Joey Vaillancourt Fitness
Muscle Group Training

Shoulder Workout- The 3 Best Shoulder Exercises

July 22, 2010 by Joey Vaillancourt · 17 Comments 

Shoulder Workout- The 3 Best Shoulder Exercises

In this shoulder exercise video, I will introduce you to the 3 most important mass building exercises to work your shoulder muscles.

 

In order to build big shoulders, you need to be including these 3 exercises in your program or a combination using at least one.

Standing Military Barbell Press: Setup a barbell on a squat rack (if available) on a set of pins that is at the height of the start of the exercise. use a shoulder width grip.

Pick a weight that will allow you to fail between 8-10 reps using good form.

Seated Dumbell Shoulder Press: Setup a bench with a back support and grab some dumbbells.

Lift off from your knees and use a spotter if necessary.

Pick a weight that will allow you to fail between 8-10 reps.

Upright Barbell Row:

Setup a barbell with a weight you can handle for about 8-10 reps.

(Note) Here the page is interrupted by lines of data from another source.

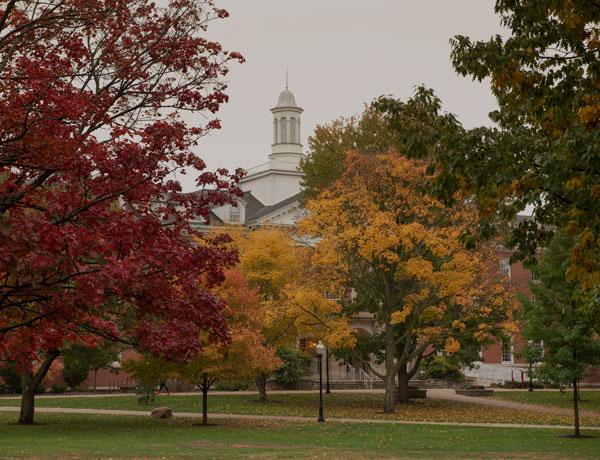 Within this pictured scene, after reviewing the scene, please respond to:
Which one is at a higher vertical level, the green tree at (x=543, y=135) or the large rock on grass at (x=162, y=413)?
the green tree at (x=543, y=135)

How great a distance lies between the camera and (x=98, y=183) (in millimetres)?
12148

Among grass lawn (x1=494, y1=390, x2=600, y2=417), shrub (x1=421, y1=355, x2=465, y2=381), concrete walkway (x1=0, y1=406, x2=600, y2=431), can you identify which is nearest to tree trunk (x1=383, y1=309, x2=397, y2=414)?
concrete walkway (x1=0, y1=406, x2=600, y2=431)

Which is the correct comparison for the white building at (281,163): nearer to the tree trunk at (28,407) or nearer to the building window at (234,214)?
the building window at (234,214)

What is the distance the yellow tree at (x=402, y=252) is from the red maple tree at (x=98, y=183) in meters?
21.7

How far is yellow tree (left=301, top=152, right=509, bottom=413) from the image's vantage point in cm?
3556

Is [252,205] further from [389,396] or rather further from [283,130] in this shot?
[389,396]

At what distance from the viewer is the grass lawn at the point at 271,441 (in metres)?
21.2

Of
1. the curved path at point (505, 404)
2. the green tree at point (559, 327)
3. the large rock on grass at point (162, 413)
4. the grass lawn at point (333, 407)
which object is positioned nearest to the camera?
the green tree at point (559, 327)

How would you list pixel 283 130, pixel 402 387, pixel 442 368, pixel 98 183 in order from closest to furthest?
pixel 98 183 < pixel 402 387 < pixel 442 368 < pixel 283 130

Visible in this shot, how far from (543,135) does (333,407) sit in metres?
28.0

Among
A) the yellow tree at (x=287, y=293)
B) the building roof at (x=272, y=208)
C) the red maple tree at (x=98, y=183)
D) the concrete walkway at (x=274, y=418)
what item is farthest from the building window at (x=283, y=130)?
the red maple tree at (x=98, y=183)

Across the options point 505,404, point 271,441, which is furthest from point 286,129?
point 271,441

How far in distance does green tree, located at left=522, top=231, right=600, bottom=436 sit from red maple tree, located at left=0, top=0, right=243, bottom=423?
49.1 ft

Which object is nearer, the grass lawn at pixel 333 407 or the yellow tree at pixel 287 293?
the grass lawn at pixel 333 407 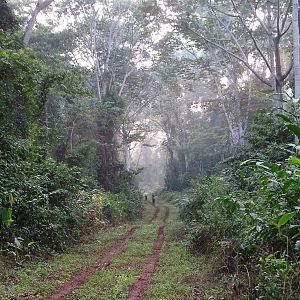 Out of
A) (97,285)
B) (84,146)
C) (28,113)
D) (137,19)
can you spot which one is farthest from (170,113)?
(97,285)

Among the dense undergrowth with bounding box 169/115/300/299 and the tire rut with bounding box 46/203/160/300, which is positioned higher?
the dense undergrowth with bounding box 169/115/300/299

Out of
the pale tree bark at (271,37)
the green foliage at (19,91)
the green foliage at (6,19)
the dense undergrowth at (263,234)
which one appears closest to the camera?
the dense undergrowth at (263,234)

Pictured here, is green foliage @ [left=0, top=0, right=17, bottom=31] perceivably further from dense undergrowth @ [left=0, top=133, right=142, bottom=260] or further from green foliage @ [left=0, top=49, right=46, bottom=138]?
dense undergrowth @ [left=0, top=133, right=142, bottom=260]

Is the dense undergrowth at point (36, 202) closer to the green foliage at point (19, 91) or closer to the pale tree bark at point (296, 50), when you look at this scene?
the green foliage at point (19, 91)

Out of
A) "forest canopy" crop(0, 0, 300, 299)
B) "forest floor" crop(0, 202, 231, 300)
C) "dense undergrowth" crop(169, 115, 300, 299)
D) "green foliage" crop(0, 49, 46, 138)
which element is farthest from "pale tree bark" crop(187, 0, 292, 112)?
"green foliage" crop(0, 49, 46, 138)

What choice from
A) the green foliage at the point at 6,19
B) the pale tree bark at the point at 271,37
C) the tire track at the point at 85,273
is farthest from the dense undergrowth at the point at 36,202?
the green foliage at the point at 6,19

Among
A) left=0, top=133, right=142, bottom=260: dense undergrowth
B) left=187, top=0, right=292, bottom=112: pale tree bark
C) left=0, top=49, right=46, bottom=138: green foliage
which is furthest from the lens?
left=187, top=0, right=292, bottom=112: pale tree bark

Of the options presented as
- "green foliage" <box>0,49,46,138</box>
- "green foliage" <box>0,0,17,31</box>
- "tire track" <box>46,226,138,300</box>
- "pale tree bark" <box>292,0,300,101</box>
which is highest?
"green foliage" <box>0,0,17,31</box>

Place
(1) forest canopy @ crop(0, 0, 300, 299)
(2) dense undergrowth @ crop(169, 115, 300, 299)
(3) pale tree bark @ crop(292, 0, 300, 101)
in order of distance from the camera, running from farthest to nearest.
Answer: (3) pale tree bark @ crop(292, 0, 300, 101) → (1) forest canopy @ crop(0, 0, 300, 299) → (2) dense undergrowth @ crop(169, 115, 300, 299)

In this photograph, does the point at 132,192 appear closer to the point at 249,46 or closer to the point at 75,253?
the point at 249,46

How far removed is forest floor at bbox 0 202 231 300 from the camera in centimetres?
534

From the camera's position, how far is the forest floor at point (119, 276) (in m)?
5.34

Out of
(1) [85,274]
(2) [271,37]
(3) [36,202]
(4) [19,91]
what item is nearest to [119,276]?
(1) [85,274]

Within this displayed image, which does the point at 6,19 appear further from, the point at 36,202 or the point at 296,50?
the point at 296,50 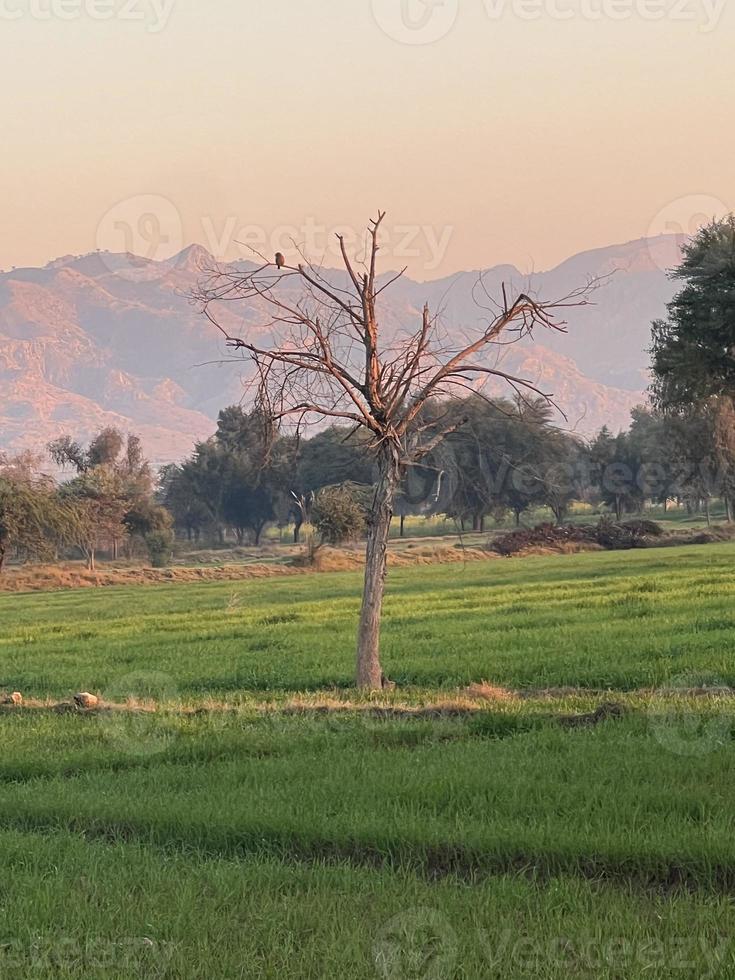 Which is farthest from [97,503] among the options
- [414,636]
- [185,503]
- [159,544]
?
[414,636]

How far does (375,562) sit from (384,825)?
30.8 feet

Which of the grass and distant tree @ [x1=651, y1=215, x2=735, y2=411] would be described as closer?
the grass

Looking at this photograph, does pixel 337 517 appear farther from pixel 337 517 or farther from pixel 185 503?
pixel 185 503

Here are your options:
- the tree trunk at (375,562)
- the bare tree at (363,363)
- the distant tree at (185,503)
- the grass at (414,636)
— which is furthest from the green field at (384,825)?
the distant tree at (185,503)

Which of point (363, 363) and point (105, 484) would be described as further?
point (105, 484)

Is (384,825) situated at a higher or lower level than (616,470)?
lower

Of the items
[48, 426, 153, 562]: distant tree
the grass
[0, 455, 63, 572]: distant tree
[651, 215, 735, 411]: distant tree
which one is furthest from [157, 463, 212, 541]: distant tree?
[651, 215, 735, 411]: distant tree

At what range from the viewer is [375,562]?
18250 mm

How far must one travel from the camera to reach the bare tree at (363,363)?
17844 millimetres

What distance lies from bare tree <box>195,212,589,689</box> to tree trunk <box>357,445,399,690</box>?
15 millimetres

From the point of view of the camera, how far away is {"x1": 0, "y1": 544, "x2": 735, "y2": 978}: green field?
6.58 m

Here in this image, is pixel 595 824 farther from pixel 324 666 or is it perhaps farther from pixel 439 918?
pixel 324 666

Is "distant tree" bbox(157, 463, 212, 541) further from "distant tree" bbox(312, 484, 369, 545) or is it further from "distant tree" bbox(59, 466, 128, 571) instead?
"distant tree" bbox(312, 484, 369, 545)

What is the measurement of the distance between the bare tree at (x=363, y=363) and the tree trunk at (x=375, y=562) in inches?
0.6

Then using a grip that is a bit narrower than shoulder width, grab the bar with an overhand position, and lift up towards the ceiling, keeping your elbows high. 

Don’t go too heavy on this one because doing so can result in injury and or takes the tension of the target muscle.

Include any or all of these exercises in your shoulder workout to start seeing a bigger fuller set of delts.